La debilidad política y económica de Francia e Italia, junto con el desentendimiento gradual de Gran Bretaña de los asuntos de la UE, resaltan el papel clave de Alemania en cuanto a rescatar a la eurozona de la crisis actual. Pero un verdadero liderazgo requiere una sensación de dirección y un deseo de saldar la cuenta y, aquí, Alemania últimamente pareció deficiente.

A pesar de las evidentes capacidades políticas y el gran prestigio interno de la canciller alemana, Angela Merkel, su Gobierno carece de un designio concreto para «una Unión cada vez más estrecha» en Europa. En consecuencia, también está en una posición débil para movilizar los recursos y las competencias necesarias para restaurar a Europa. Por el contrario, la Alemania de Merkel ha estado haciendo lo menos posible, lo más tarde posible, para impedir el hundimiento del euro.

Esta política no puede perdurar por mucho tiempo. O la inactividad conduce a la disolución de la eurozona, o las circunstancias impondrán un cambio de política.

Así las cosas, ¿en qué áreas debe liderar Alemania? Primero, la deuda pública europea debería mutualizarse parcial y gradualmente. Deberían unificarse los sistemas bancarios nacionales, para poder separar las pérdidas privadas de la deuda soberana, y el núcleo de una unión bancaria europea debería estar basado en una supervisión centralizada y autoridades de resolución, así como en un esquema de seguro de depósitos. Se necesitan instituciones centrales fuertes, responsables ante un parlamento elegido directamente, para coordinar las políticas fiscales y económicas.

En el más corto plazo, debería extenderse el mercado único al área de servicios a la vez que tendrían que promoverse los acuerdos de libre comercio, ya sea multilateralmente o bilateralmente, con socios comerciales importantes como Estados Unidos. Se debería aliviar la austeridad, particularmente en las economías centrales fiscalmente más sólidas, y deberían dedicarse recursos sustanciales a impulsar el empleo juvenil y la inversión en pequeñas y medianas empresas en los países excesivamente endeudados.

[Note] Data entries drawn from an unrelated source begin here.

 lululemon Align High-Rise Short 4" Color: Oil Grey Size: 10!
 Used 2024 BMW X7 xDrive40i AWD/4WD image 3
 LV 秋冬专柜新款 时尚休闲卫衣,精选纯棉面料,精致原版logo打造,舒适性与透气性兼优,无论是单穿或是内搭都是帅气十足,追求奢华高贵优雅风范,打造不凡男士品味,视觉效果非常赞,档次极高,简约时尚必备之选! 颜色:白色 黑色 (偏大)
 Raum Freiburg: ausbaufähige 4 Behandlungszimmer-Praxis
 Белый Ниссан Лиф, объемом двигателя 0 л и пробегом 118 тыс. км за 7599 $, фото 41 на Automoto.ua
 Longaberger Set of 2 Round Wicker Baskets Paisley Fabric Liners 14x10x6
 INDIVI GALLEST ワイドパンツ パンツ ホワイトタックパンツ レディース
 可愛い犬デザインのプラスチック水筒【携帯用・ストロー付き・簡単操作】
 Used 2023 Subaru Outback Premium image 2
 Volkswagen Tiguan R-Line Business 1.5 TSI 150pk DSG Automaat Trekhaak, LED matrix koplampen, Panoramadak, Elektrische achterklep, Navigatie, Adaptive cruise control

La reticencia de Alemania a ejercer una posición de liderazgo en estas cuestiones refleja en parte inhibiciones históricas, que siempre son difíciles de superar. La persistencia de una ortodoxia pre-keynesiana en el pensamiento económico alemán, con su desprecio moral por el «pecado de endeudarse» (y, en consecuencia, su desconsideración de la demanda agregada), tampoco ayuda. Es más, la estructura federalista del sistema político de Alemania favorece las estrategias provincianas sobre los designios más importantes.

No obstante, Alemania debe aceptar que la alternativa para una unión monetaria unificada democráticamente es la hegemonía económica alemana. En el más largo plazo, ese resultado destruiría el proyecto común europeo, minando a su vez la propia prosperidad económica y la seguridad estratégica de Alemania -un escenario bismarckiano que habría hecho recular a Bismarck, horrorizado.